My Honest Weekly Clearance Routine (And What I Stopped Doing)

Why I’m Writing This

Most “clearance routine” articles I’ve read read like aspirational schedules — wake at 5, hit three stores, scan every aisle. I tried versions of that for about a year and burned out. What I actually do now is much less heroic and works better.

I track clearance across nine retailers, run a small flipping side project, and have a day job. The routine below is what survived two years of trial and error. It’s roughly 90 minutes a week.

Sunday Night: 15 Minutes Of Planning

Sunday around 9pm I open my own feed — Endless — and do three things:

  1. Sort Home Depot by markdown_stage: penny at the three stores closest to me. If anything interesting popped up Saturday or Sunday, I’ll route there Monday.
  2. Check the “Recent Price Drops” view across all retailers. I’m scanning for >50% drops on items I recognize. If I see something genuinely surprising — a $300 power tool at $89 — I’ll bookmark it.
  3. Glance at Nordstrom Rack new arrivals in my saved sizes. NR carries roughly 119,000 SKUs across 245 stores plus online, and my tracker refreshes the catalog twice daily, so new stuff actually shows up.

That’s it. 15 minutes. Most Sundays I close the laptop without buying anything, which is the point.

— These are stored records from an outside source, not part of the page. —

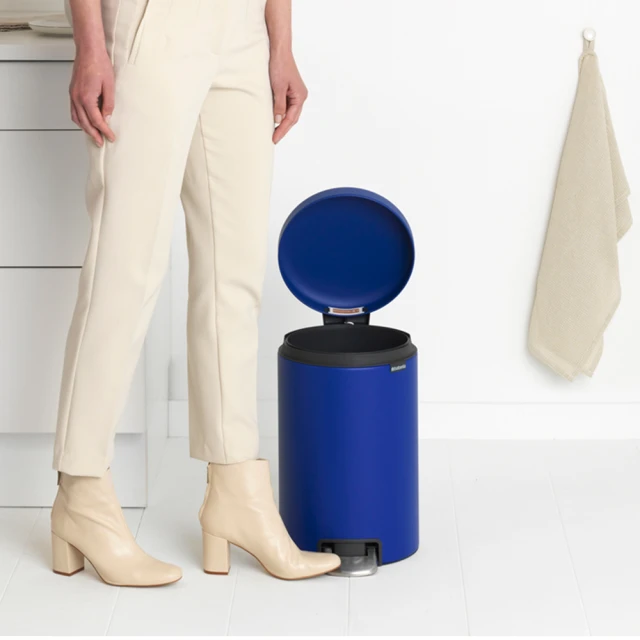 Brabantia NEWICON環保垃圾桶-12L礦物深邃藍(新色登場)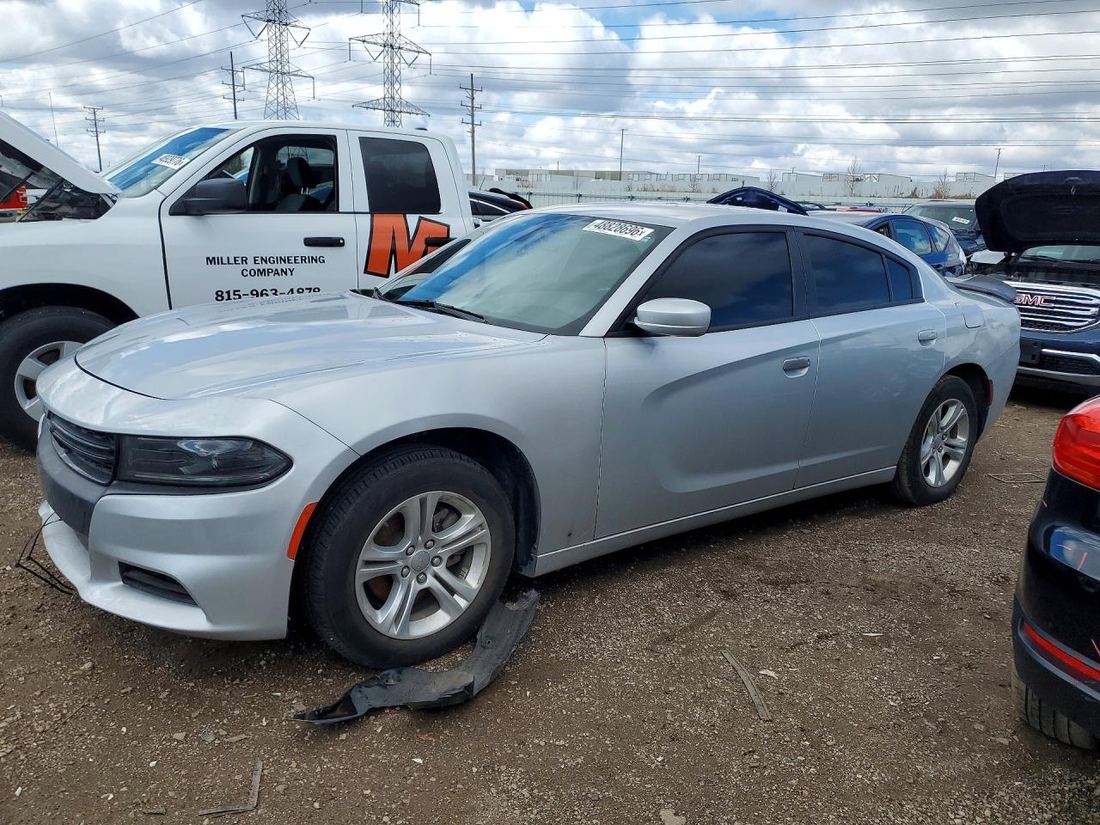 2022 DODGE CHARGER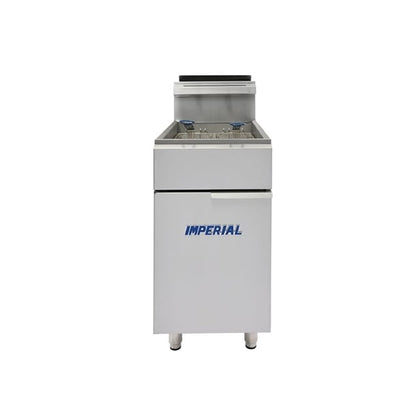 Imperial Free Standing Natural Gas Fryer IFS-50 ch867-n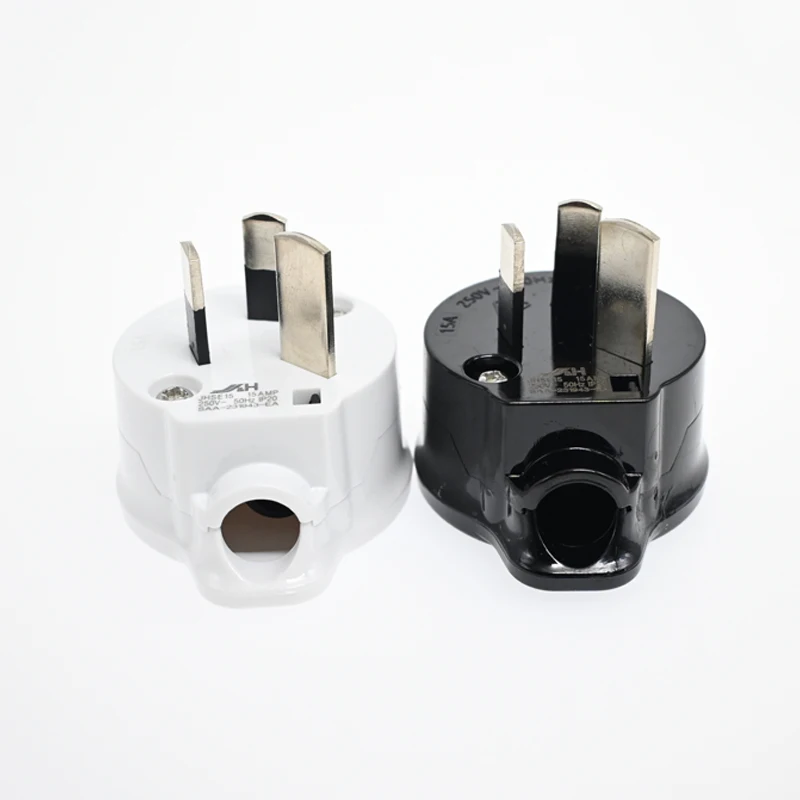 Australia Australian Standard New Zealand Argentina Removable Assembly Wiring Long Three-legged Industrial Power Plug 10A15A
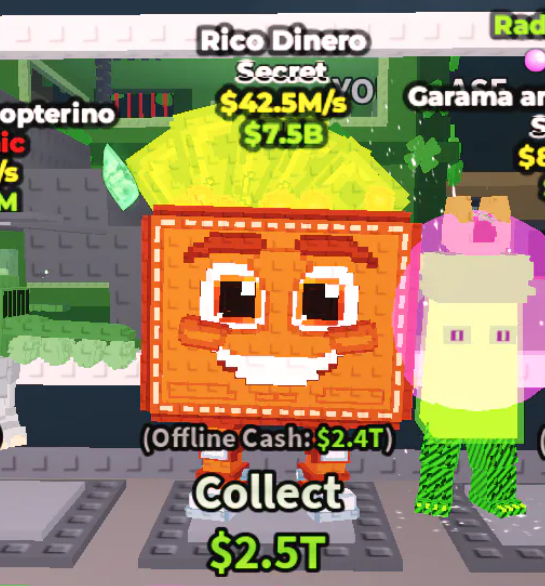 Rico Dinero 42.5M/s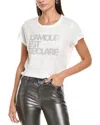 Zadig & Voltaire Woop Amour T-shirt In White
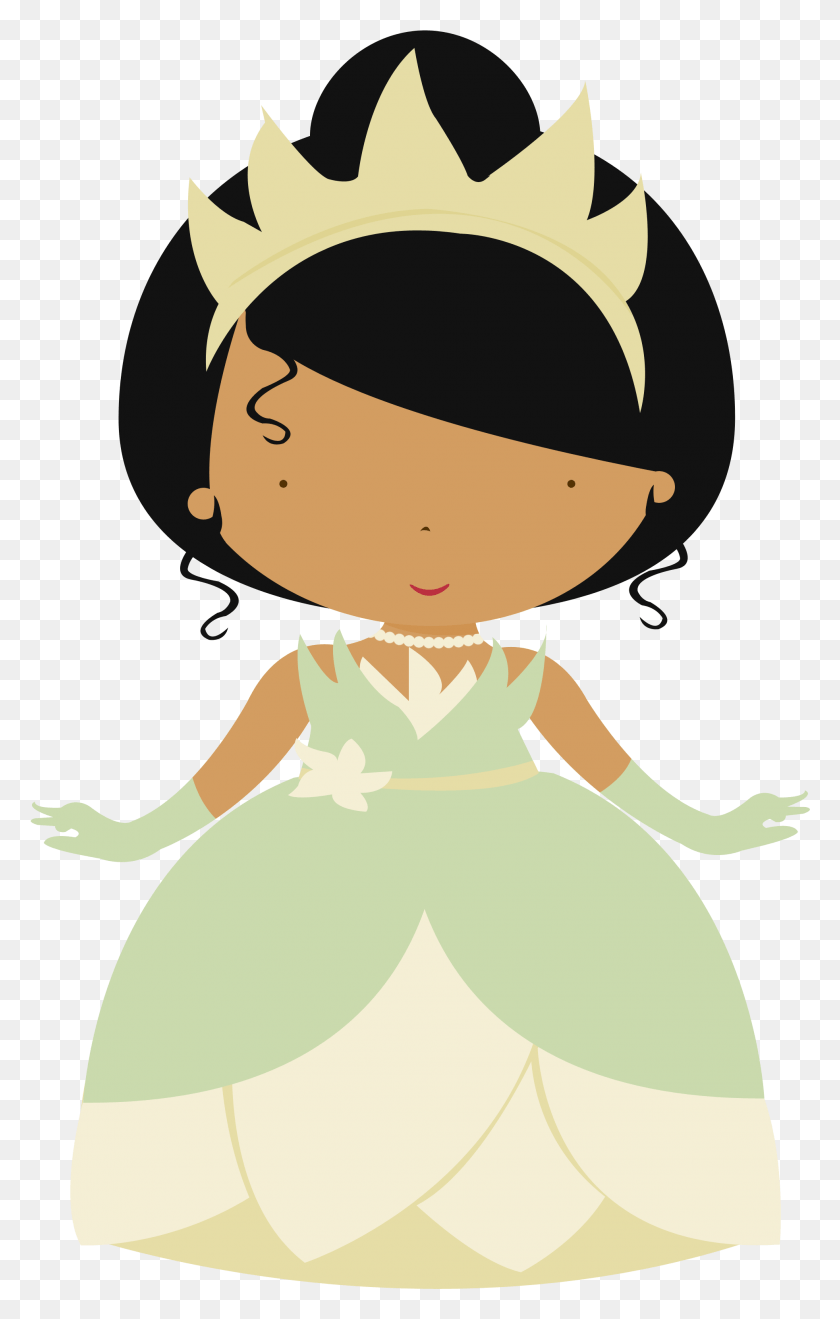1964x3171 Princesa Sofa Sapo Princesas Clipart Chica Princesa Chibi Disney Princess Svg, Doll, Toy, Person HD PNG Download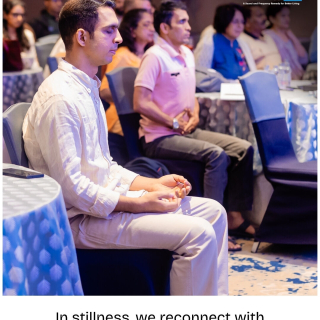 Some more pictures from our Navel Activation Workshop we just had to share.

#WellnessVibe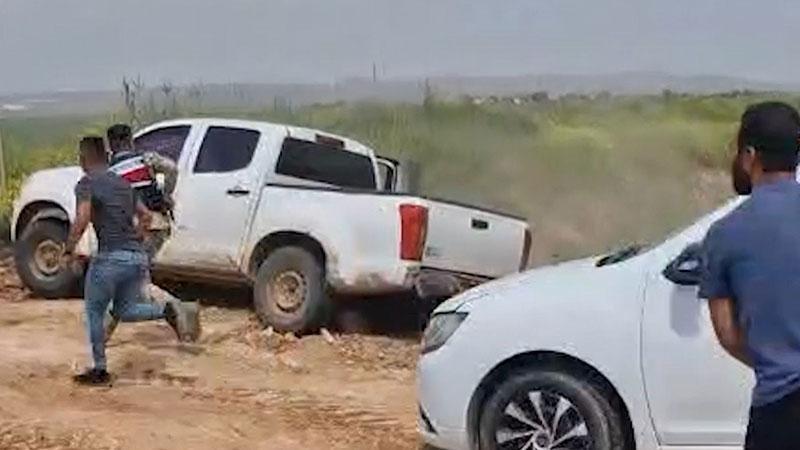 Suriye-Türkiye sınırında, insan kaçakçılarıyla kovalamaca anı kamerada: 3 gözaltı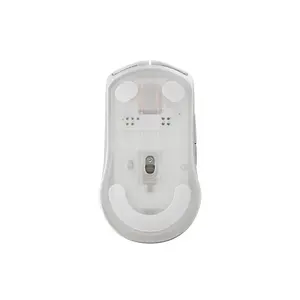 SteelSeries Rival 3 Gen 2 Wireless RGB Gaming Mouse White Edition, Dual Wireless Connectivity, High-Precision Optical Sensor, RGB Lighting Effects, Competitive Gaming Mouse
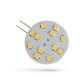 Żarówka 12LED G4 2W WW 30mm WOJ+13782 Spectrum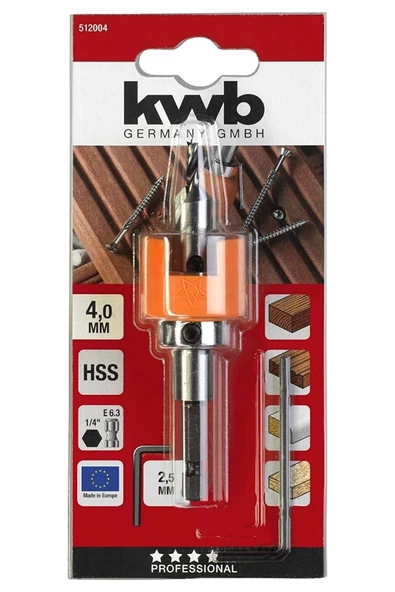 KWB Havşa Matkap Ucu 5 mm (EİNHEL.49512005) - Resim 3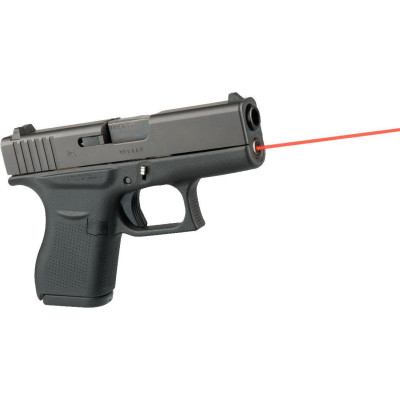 Цілющувач LaserMax для Glock43 червоній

Monday Morning: The Drive-By

Monday is the only weekday I’ll detour to a store, and only if Sunday’s check turned up something worth chasing. If nothing did, I skip the detour. This is the rule I had the hardest time learning.

If I do go: I walk the back of the seasonal aisle, the appliance scratch-and-dent area, and one specific endcap near hardware that my local store uses as a clearance dump. Twelve minutes, in and out. I scan anything tagged but not stickered using the Home Depot app — the app price beats the shelf tag about a third of the time.

The thing I stopped doing: walking the whole store. I used to do a full lap, hunting. The lap takes 45 minutes and the yield is the same as the targeted 12-minute version, because my Sunday scan already told me where the value is.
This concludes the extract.